Work request: Write the following entries out again exactly, skipping each image.
*** The input Section Begins ***
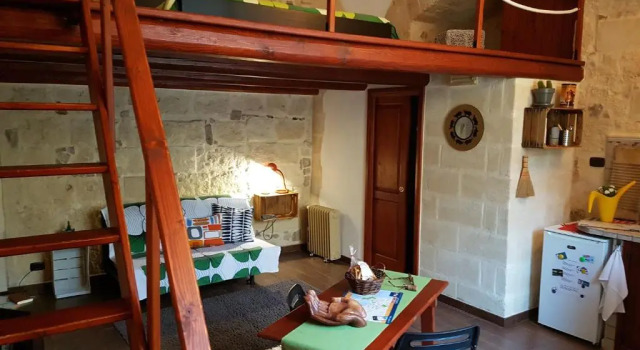 Семейная студия Guesthouse A Casina b&b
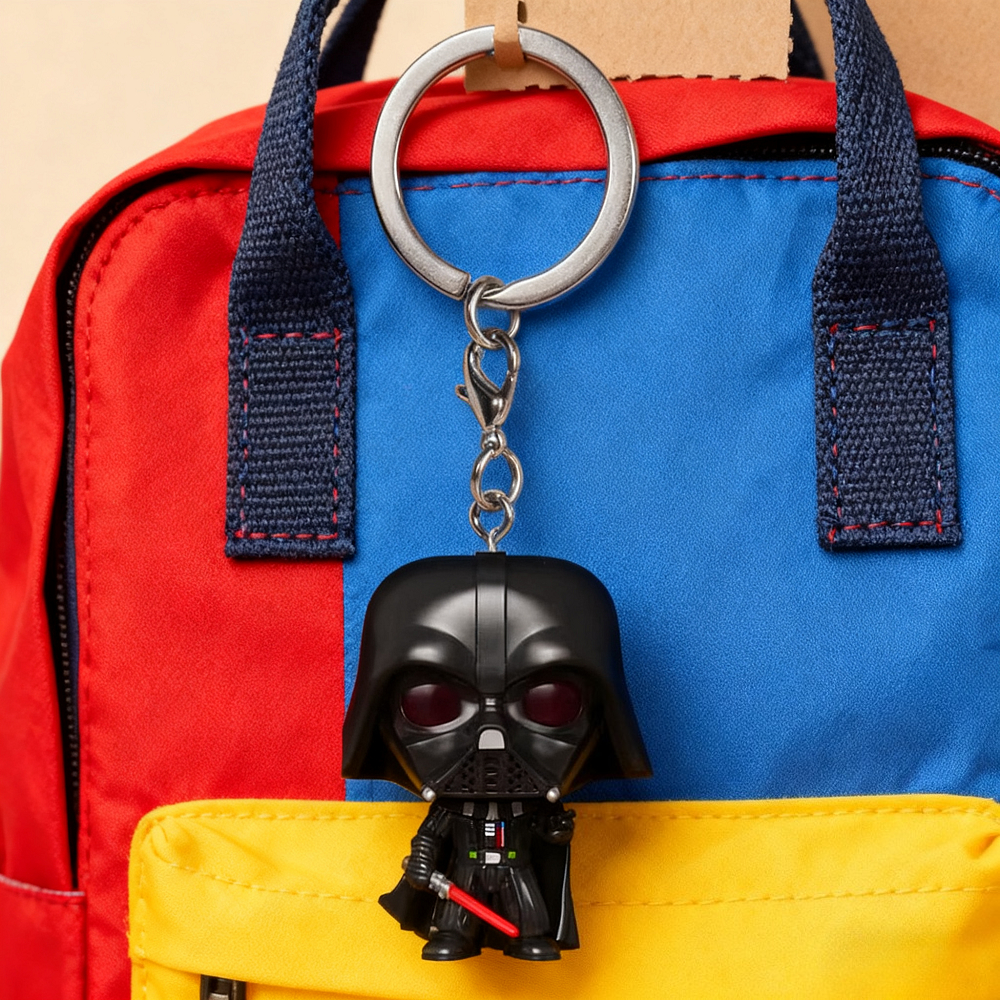 Keychain Obi-wan Kenobi The Ch - Baby Products Miniso บทวิจารณ์และราคา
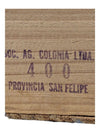 Vintage Dole Fruit Crate
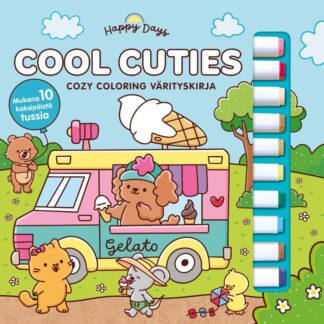 9789524162265_Cool_Cuties_Cozy_coloring_varityskirja_1787817431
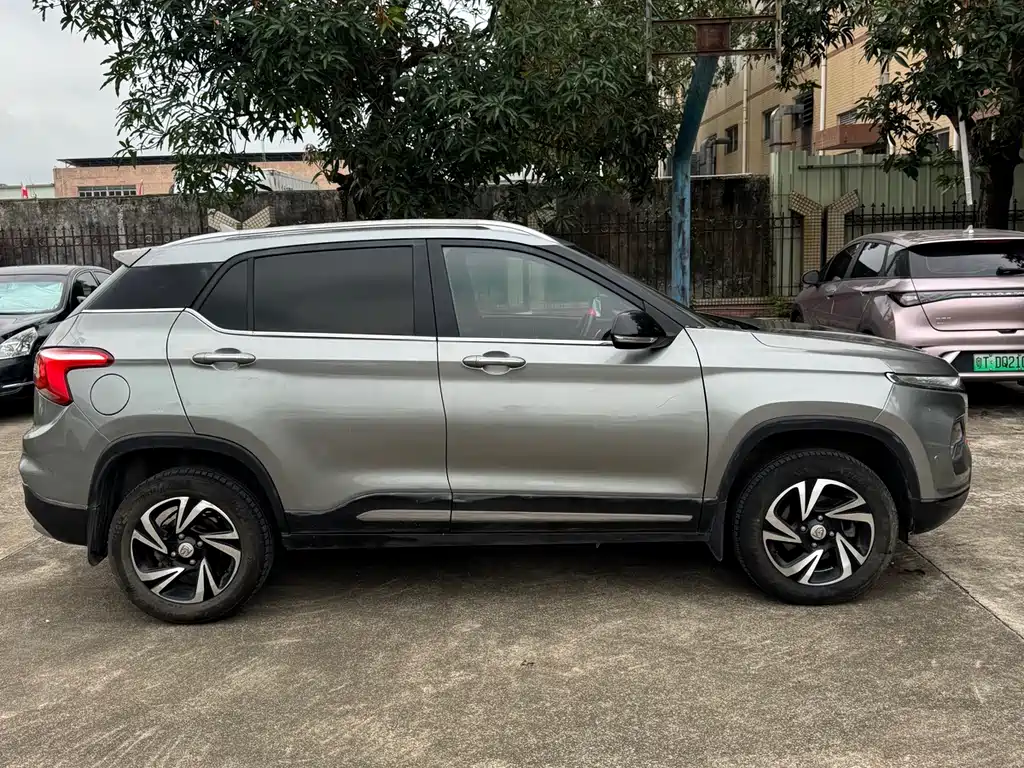 Baojun 510 2017 1.5L AT Luxury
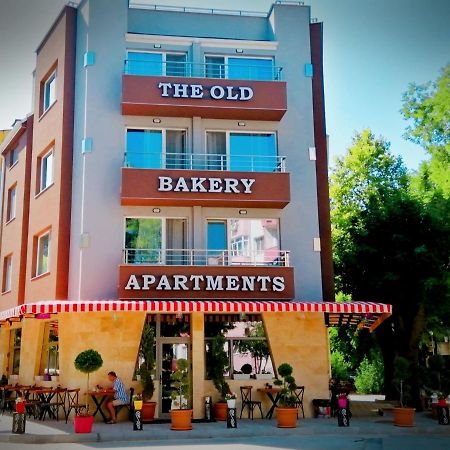 The Old Bakery Apartments Plovdiv Exterior foto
*** The input Section Ends ***
Solution to this exercise:
 Семейная студия Guesthouse A Casina b&b
 Keychain Obi-wan Kenobi The Ch - Baby Products Miniso บทวิจารณ์และราคา
 Vintage Dole Fruit Crate
 9789524162265_Cool_Cuties_Cozy_coloring_varityskirja_1787817431
 Baojun 510 2017 1.5L AT Luxury
 The Old Bakery Apartments Plovdiv Exterior foto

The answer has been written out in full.